A água como garantia da “soberania”

No setor da água, Nuno Brôco salienta que pouca coisa se deve pôr na “prateleira” das coisas garantidas, uma vez que tem havido alguma reversão do “respeito pelos padrões ambientais”. “Pensávamos que seria ‘óbvio’ que nós, enquanto sociedade, teríamos evolução nesta matéria, mas temos assistido a alguns comportamentos que, a mim, não me dão garantias de que estejamos no caminho da evolução”.

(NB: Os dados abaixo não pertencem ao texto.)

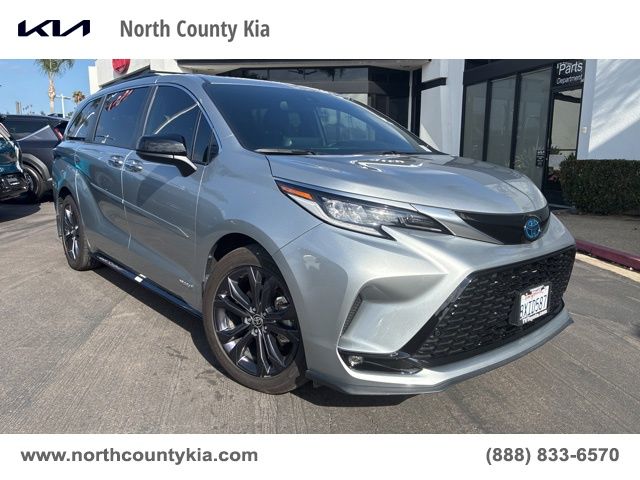 2021 Toyota Sienna XSE 7-Passenger Hybrid FWD's photo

O administrador adverte que, dada a perspetiva de cenários futuros, conseguidos através da inovação, o setor da água torna-se, ainda mais, como um setor estratégico de “soberania” do país. “Estou convicto que, atualmente, a inovação deverá focar-se no objetivo crítico da resiliência, na preservação de um ativo crítico de um país. Temos a obrigação de nos prepararmos para cenários de crise que, apesar de não desejados, podem acontecer”.

União dos setores estratégicos do país

A opinião do presidente do conselho de administração da Águas de Portugal (AdP), António Carmona Rodrigues, não diverge muito de Nuno Brôco. O administrador e ex-presidente de Câmara de Lisboa refere que o “apagão de abril” pôs em evidência a necessidade de concertação de esforços, do “jogo de equipa”, de todos os setores estratégicos do país, como os energéticos, a proteção civil e a água, na resolução conjunta de problemas que possam ocorrer.

Carmona Rodrigues aproveitou para revelar que o Governo está a pôr em marcha o projeto “A Água que Une”, que representará, uma alavancagem na inovação do grupo Águas de Portugal.

“A ministra do Ambiente irá anunciar brevemente a medida, que vai representar uma mudança na vida da empresa”, defende.

Seis centenas de participantes

A conferência tem a participação de 600 pessoas, nacionais e estrangeiras. Conta com especialistas nacionais e internacionais que estão a partilhar ideias, soluções e projetos que estão a transformar o futuro da água.

Entre os destaques, a intervenção de Angela Macoscar, diretora de Inovação da Northumbria Water (Reino Unido), como keynote speaker.